> TASK DETAILS: Everything from the line containing "Cómo Dibujar 2026" down to the last line below should be set down exactly, and only that, without the pictures.

===============

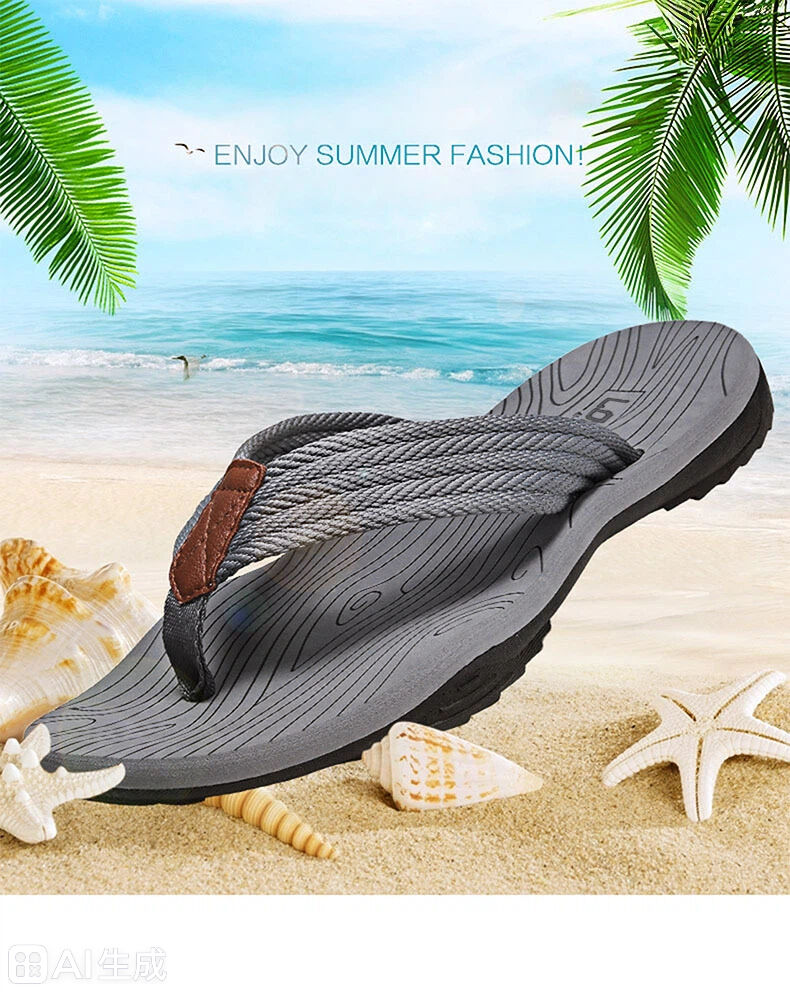 Men's Outdoor Non-Slip Flip Flops, 6 Colors EVA Lightweight Thick-Sole Beach Sandals for Casual & Sports(black-40)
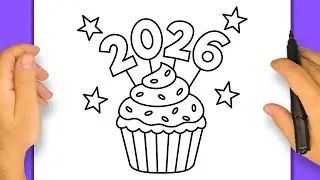 Cómo Dibujar 2026 | Feliz Año Nuevo | Paso a Paso Simple y Fácil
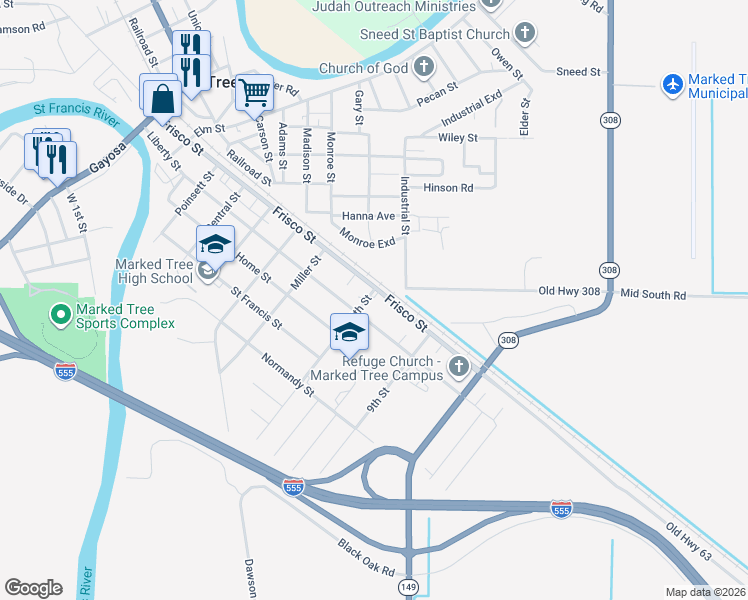 map of restaurants, bars, coffee shops, grocery stores, and more near 600-798 U.S. 63 Business in Marked Tree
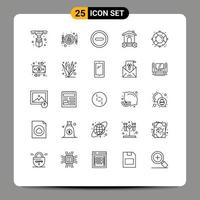 25 Thematic Vector Lines and Editable Symbols of emergency wrench basic tool household Editable Vector Design Elements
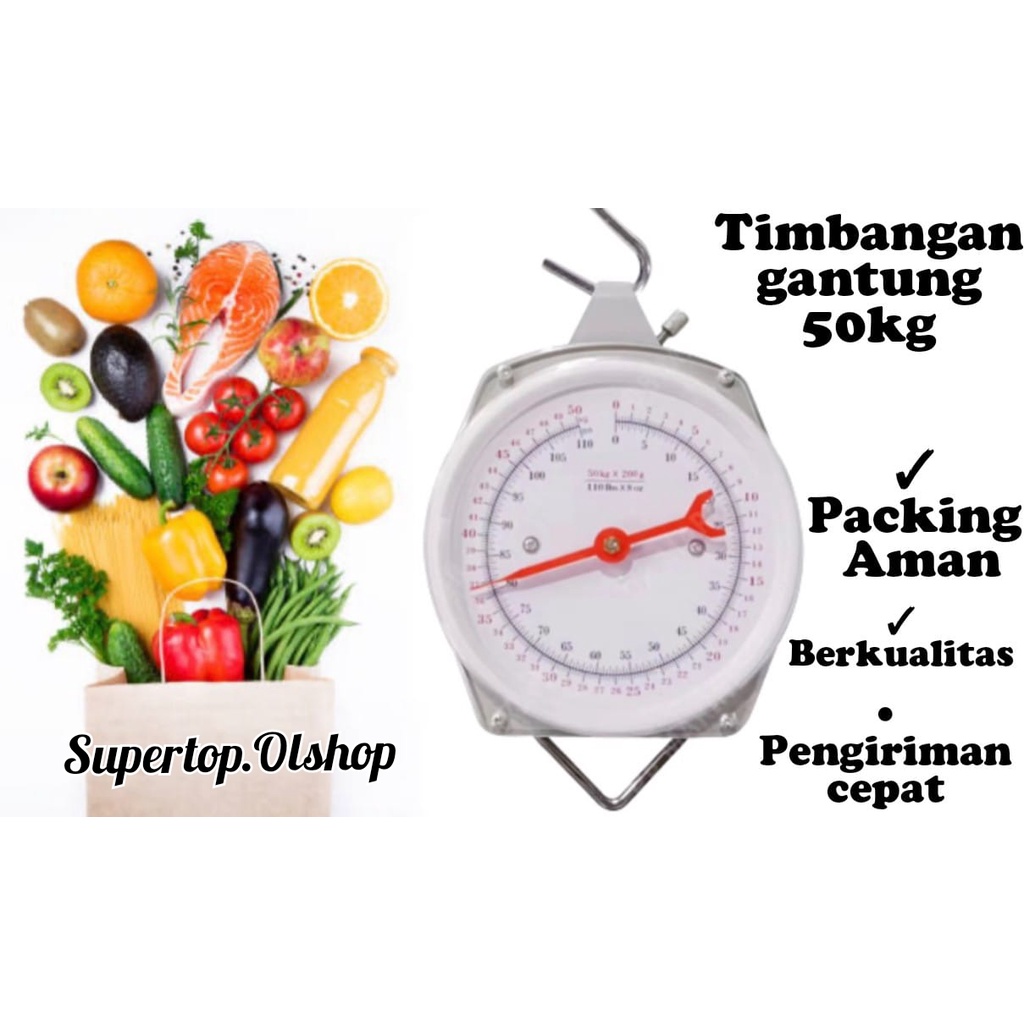 Timbangan gantung besi 50kg/Timbangan Dus jarum 50kg ⭐supertop⭐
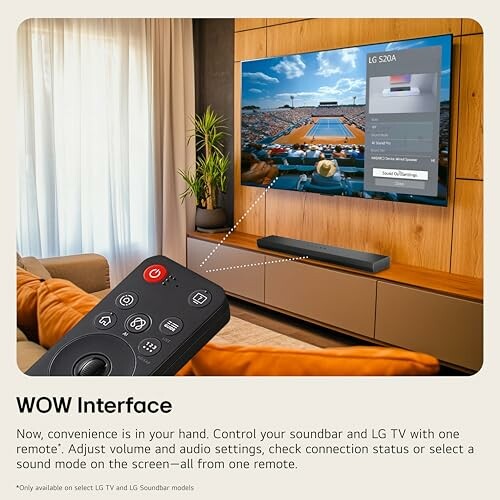 LG TV and soundbar controlled with a remote, displaying sports on screen.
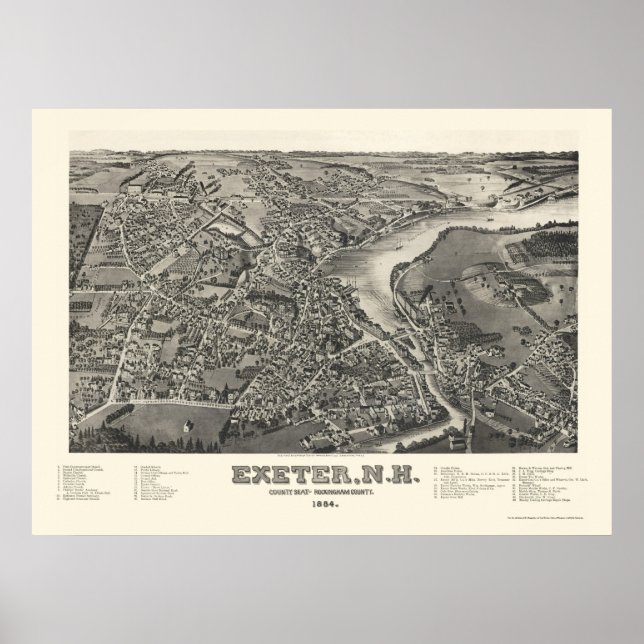 Exeter, NH Panoramic Map - 1884 Poster (Vorne)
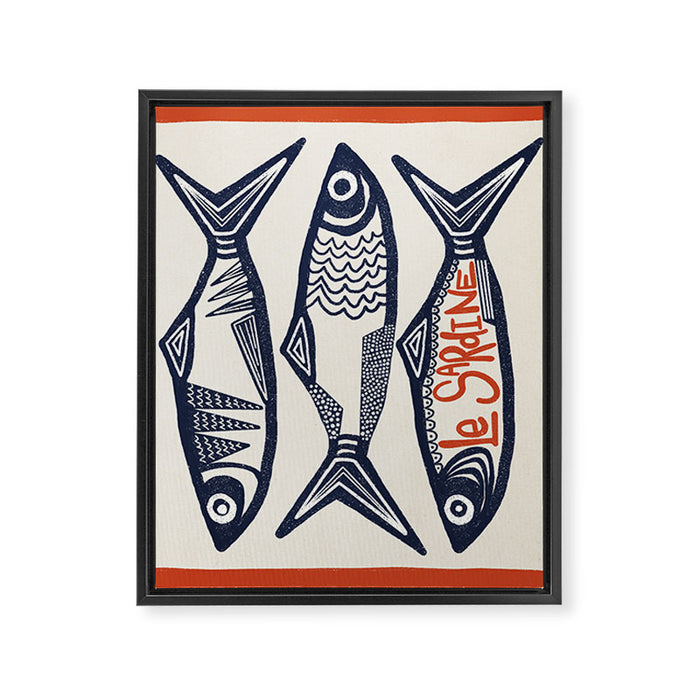 Le Sardine Retro Inspired Art Print Framed Canvas Print Gallery Image 1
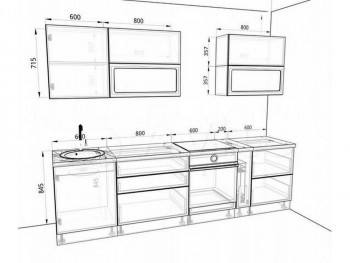 Модульная кухня Бруклин 2.4 x 2 м (Бетон белый) в Ленске - lensk.mebel54.com | фото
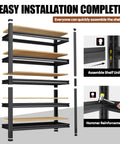 71.2 Inch Tall Wood And Metal Garage Shelving Unit Built Tough With Adjustable Shelves Heavy Duty Industrial Utility Rack For Workshop Garage Or Kitchen 71.2 Inch Tall By 31.5 Inch Wide By 13.8 Inch Deep. Exploded assembly view with steel frame and wood shelves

===============

> ANSWER TO THE EXERCISE:
 Cómo Dibujar 2026 | Feliz Año Nuevo | Paso a Paso Simple y Fácil
 map of restaurants, bars, coffee shops, grocery stores, and more near 600-798 U.S. 63 Business in Marked Tree
 25 Thematic Vector Lines and Editable Symbols of emergency wrench basic tool household Editable Vector Design Elements
 Timbangan gantung besi 50kg/Timbangan Dus jarum 50kg ⭐supertop⭐
 LG TV and soundbar controlled with a remote, displaying sports on screen.
 Exeter, NH Panoramic Map - 1884 Poster (Vorne)
 Le Sardine Retro Inspired Art Print Framed Canvas Print Gallery Image 1
 Модульная кухня Бруклин 2.4 x 2 м (Бетон белый) в Ленске - lensk.mebel54.com | фото
 71.2 Inch Tall Wood And Metal Garage Shelving Unit Built Tough With Adjustable Shelves Heavy Duty Industrial Utility Rack For Workshop Garage Or Kitchen 71.2 Inch Tall By 31.5 Inch Wide By 13.8 Inch Deep. Exploded assembly view with steel frame and wood shelves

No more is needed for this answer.